Such mineral pacts are one potential way to address European Union’s complaints that its automakers are shut out of the $7,500 per vehicle tax credits in the climate-focused Inflation Reduction Act, which it argues will suck electric vehicle investments away from Europe.

The law specified that the tax credits were only available to North American-assembled vehicles that meet certain local battery production and mineral extraction processing standards.

Countries with U.S. free trade agreements can also access the credits, and this is a provision that the Biden administration hopes to exploit by negotiating limited trade deals focused on battery minerals.

The Treasury already is allowing leased electric vehicles to qualify under commercial EV tax credit rules, a move that Yellen said would cover most vehicles for now.

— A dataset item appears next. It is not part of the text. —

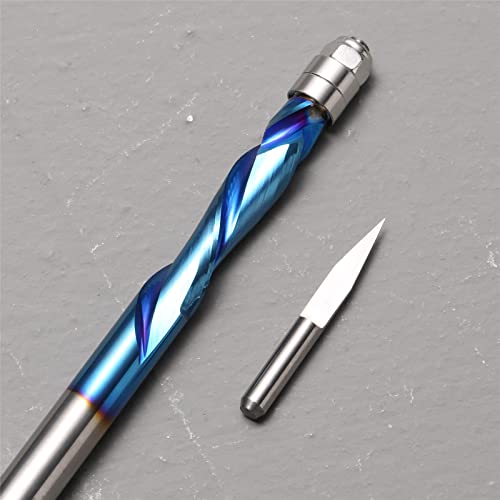 Fresa Genmitsu 1/4 с опашка с нано-Синьо покритие за Спирала Вълни резитба на Композитни материали, шперплат, твърда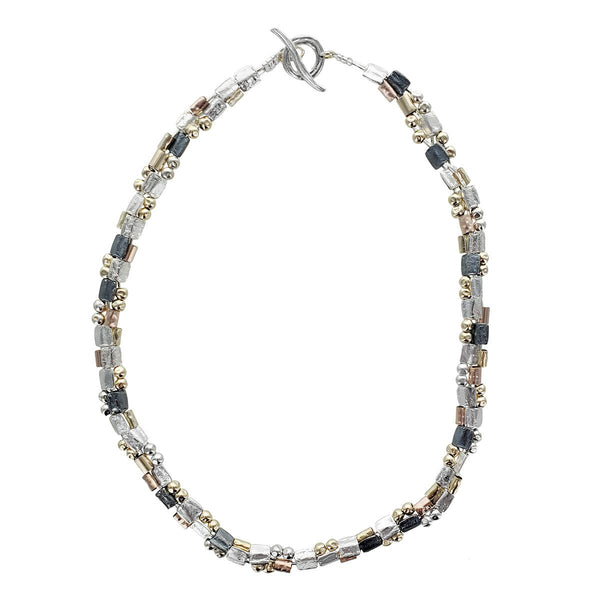 Israeli Dganit Hen River Of Silver And Gold Necklace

Over time, she said she hoped that trade agreements would allow more sold vehicles to qualify over time.

“It would be an agreement that we think would not require the agreement of Congress,” she said adding that Congress intended “a kind of friend-shoring approach” for critical minerals to reduce reliance on China.

“I think the word ‘free trade areas’ was meant to mean reliable friends and partners with whom we can feel we have secure supply chains so we feel this is fully the intent of Congress and we’ll be able to negotiate such agreements,” Yellen said.

The Treasury in March is due to put out guidance on the sourcing of battery minerals and Yellen said this will include guidance on free trade areas that can qualify.

The Treasury already has said that it will qualify existing comprehensive free trade pacts Australia, Bahrain, Canada, Chile, Colombia, Costa Rica, Dominican Republic, El Salvador, Guatemala, Honduras, Israel, Jordan, South Korea, Mexico, Morocco, Nicaragua, Oman, Panama, Peru and Singapore.

Yellen said that the United States and Europe were getting closer to reaching understandings over the U.S. green energy subsidies, and said Washington will not try to stop Europe from enacting competing subsidies.

“We’ve been very clear with Europe that this is not a subsidy war,” Yellen said. “We’re not trying to steal jobs. This is our climate plan.”

(Reporting by David Lawder. Editing by Jane Merriman and Tomasz Janowski)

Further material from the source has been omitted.